Opinião

Literatura | Cartas a um Jovem Poeta

30 out 2020 20:00

Não poucas são as vezes em que me sinto no lado do jovem poeta. Na busca do abrigo de quem, com mais propriedade, me explique as leis da intelectualidade, ou da estética ou de já lá ter chegado, onde esse lá possa ser... ou não ser.

Vejo-me a braços com a utilidade de tantas questões e da desenvoltura filosófica do mundo e de como evoluímos que vejo a poesia no centro de outro mundo totalmente diferente por vezes. 
A estética por vezes alheada da ética. 

E o que é a ética como busca firme do desconhecido? Não será a partir daí a estética um apêndice ou quem sabe até, a mesma, uma inutilidade quando se busca a interioridade?

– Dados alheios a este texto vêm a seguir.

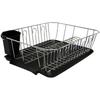 Chrome Dish Rack Set 3 Piece Iron Construction Rust Resistant Dish Drainer with Cutlery Basket and Water Catching Tray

Estas cartas trocadas durante 5 anos entre o jovem aspirante a poeta Franz Xavier Kappus e Rainer Maria Rilke, seu influenciador maior na busca dum caminho, duma estética própria, são troca epistolar e também um manual de busca do si mais do que o eu. 

O encontro com a solidão para buscar a interioridade; a experimentação do ser; a invocação de um Deus, o encontro com a arte; da evolução para o ser humano feminino como sustentáculo da propriedade amor; da poesia como veículo da felicidade e da libertação.

Rilke torna-se um mentor de Kappus por correspondência, trocam entre si cartas onde ele propõe ao segundo método na busca de um aperfeiçoamento poético. 

Rilke é um poeta que experimenta na filosofia, na religião, na psique e na arte a libertação para a poesia e em si a libertação plena.

Há uma postura de humildade que faz chegar ao seu discípulo colocando-o perante o percurso a que cada um se deve sujeitar a fim de encontrar um método e uma razão de ser na poesia. 

Esse caminho que surge com a interioridade, de entrarmos em nós e nos (des)conhecermos, quer pela recordação da infância quer pela visão infante de tomar tudo como novo. 

Tal é a sua postura quando se “encontra” nas cidades que percorre durante esta correspondência. Um acto recorrente de auto-conhecimento por nos desconhecermos nesses locais “estrangeiros”.

Uma certa ingenuidade, que não ignorante, mas aberta ao caminho próprio que faz uma criança despreocupar-se da vida adulta, ela mesma cheia de afazeres e monotonia generalizada e que desconhece. 

É neste momento que cria também uma parte da psique um novo ser que vê o mundo de dentro para fora mas que lhe conhece as dores e as agruras por via da solidão repetida. 

Da prisão dos antecedentes duma vivência normal assente nessa “vida de adultos” e da crítica como fundamentação duma qualquer estética, de vida ou de observação da arte.

É em Deus que também se encontra essa paz dum mundo desligado da sua interioridade, numa era de descrença. 
Não uma religiosidade sustentada em preceitos milenares mas no encontro de nós mesmos na profundidade do ser na solidão. Na felicidade de ir num destino ou desconhecimento e de mitigar os medos. Ser poeta de alma numa existência expectante de nós.

O acto de amor que Rilke oferece ao seu aprendiz é maior do que a instrução de como fazer menos que o caminho que cada um encontra em si. Se é para ser. Se é para não ser. 

Mas de ali retirar conhecimento. De ali criar uma via que na poesia se demarque por si mesma e não pela crítica, ou a estética, ou os fundamentos, ou tão pouco as correntes.

Se existe poesia é porque ela brota da necessidade de escrever.

“Na mais silenciosa hora da sua noite, pergunte a si mesmo: tenho de escrever? Escave dentro de si à procura de uma resposta profunda. 

Se lhe for permitido encarar essa pergunta séria com um forte e simples tenho, então construa a sua vida segundo essa necessidade; a sua vida, até ao âmago da hora mais indiferente e limitada, terá de se tornar um sinal e um testemunho para esse ímpeto.”